Del boom inmobiliario al capital humano

Aguilar advierte que la vinculación con Texas no se agota en la energía. En real estate, la cámara ya trabaja en acuerdos de cooperación B2B que buscan replicar en Neuquén algo del camino recorrido en la cuenca de Permian, donde el desarrollo petrolero obligó a planificar el crecimiento urbano con anticipación. Como ella misma señala, el real estate "no pasa nada más en pensar 'ahora se construye un edificio o una casa'", sino que implica anticipar necesidades de vivienda, escuelas y hotelería a medida que la industria crece.

Esa misma lógica de planificación se traslada a la salud y la educación, dos frentes que la nueva presidenta ubica como prioritarios aunque por fuera del core energético de la cámara. En salud, imagina alianzas estratégicas entre Texas, Argentina y Neuquén orientadas a la transferencia de tecnología y conocimiento.

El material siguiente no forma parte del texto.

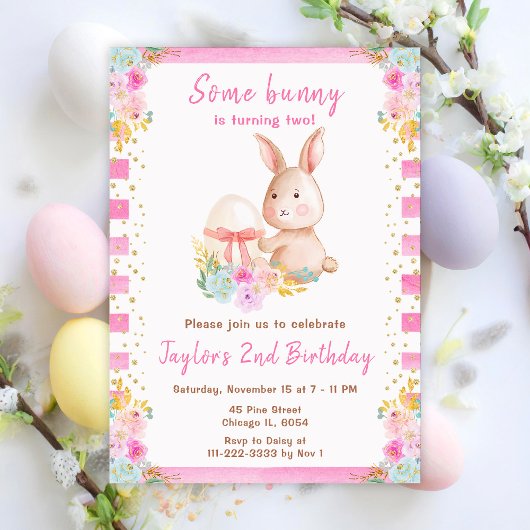 Invitation Lapin de Pâques Floral Anniversaire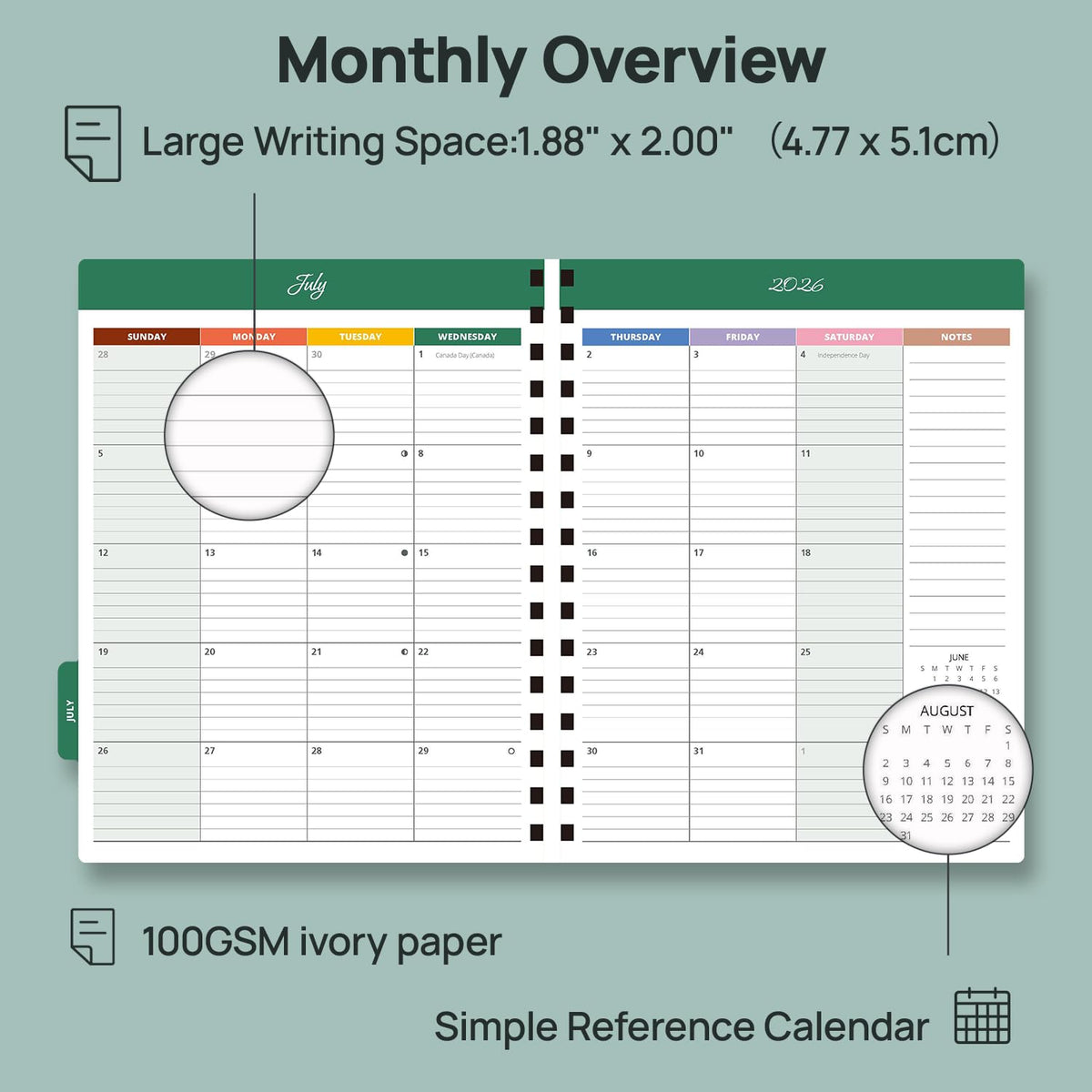 POPRUN Teacher Lesson Planner 2026-2027, Large Size 8.5"x 11", Weekly Academic Year Calendar, July 2026 - June 2027, Hardcover Classroom Agenda Calendar with Monthly Tabs, Pockets and Stickers - Night Sky Blue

En educación, apuesta a la sinergia con universidades texanas para destrabar lo que describe como un cuello de botella de recursos humanos: además del trabajo que ya realiza el Instituto Vaca Muerta, sostiene que hacen falta herramientas —a nivel federal, provincial y también desde las propias empresas— para profesionalizar a jóvenes que salen del secundario o de trayectos técnicos y así puedan ingresar a la industria del Oil & Gas.